Work required: Please restate exactly the lines from the one holding "HERMOSAS CHICAS ESCORTS" to the end of the material, including both ends and excluding every picture.

Data segment:
□ □ □ □ □ □ □

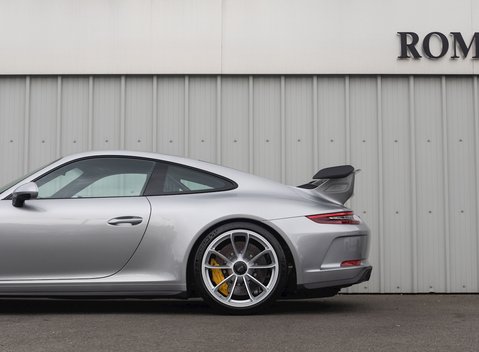 Porsche 911 GT3 (991.2) 27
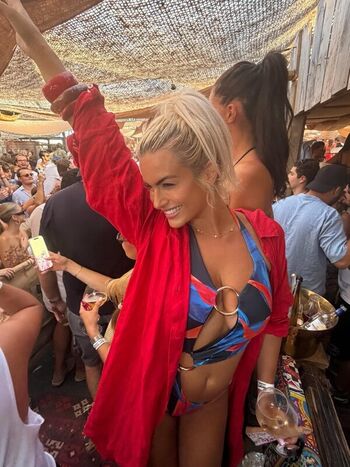 Carla moreau page leaked private photo uncensored HD quality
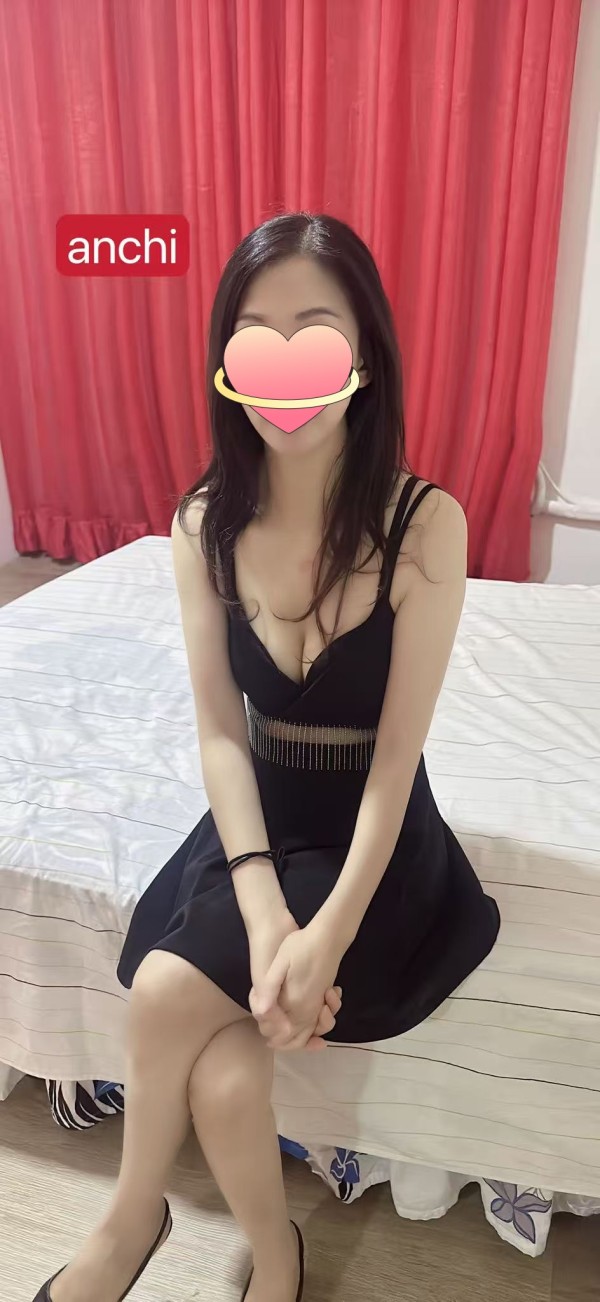 HERMOSAS CHICAS ESCORTS SEXYS CALIENTES Y SALIDAS 24H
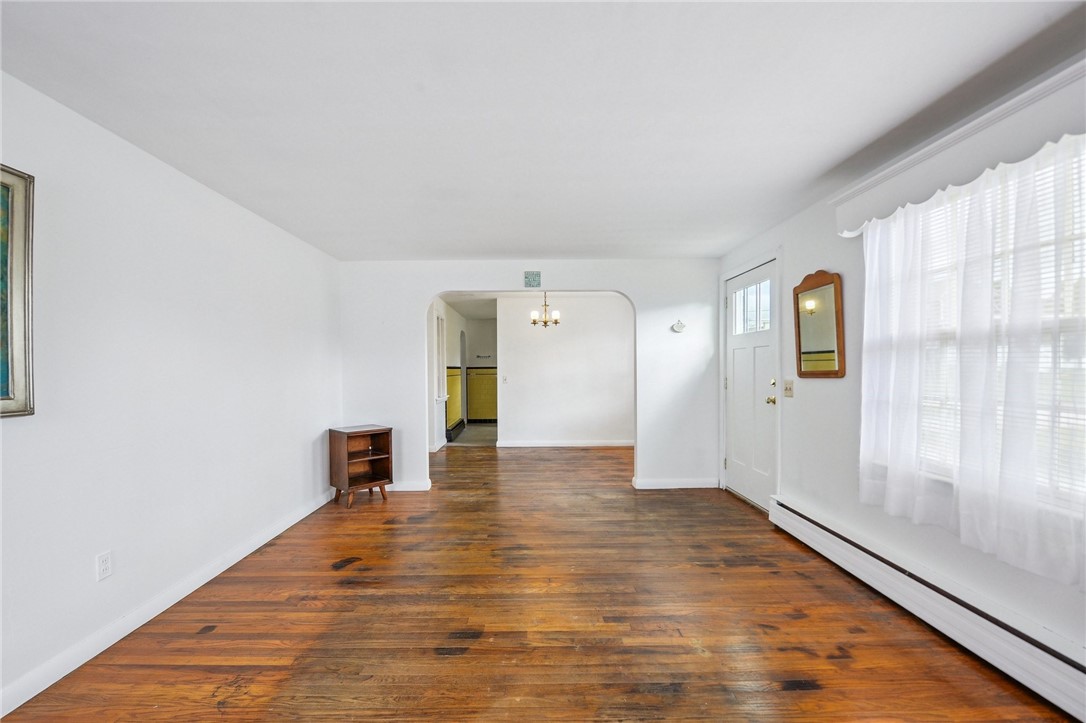 45 Leonard Bodwell Road Narragansett, RI 02882 - Photo 5 of 28 Gallery Image 5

□ □ □ □ □ □ □

Exercise result:
 HERMOSAS CHICAS ESCORTS SEXYS CALIENTES Y SALIDAS 24H
 45 Leonard Bodwell Road Narragansett, RI 02882 - Photo 5 of 28 Gallery Image 5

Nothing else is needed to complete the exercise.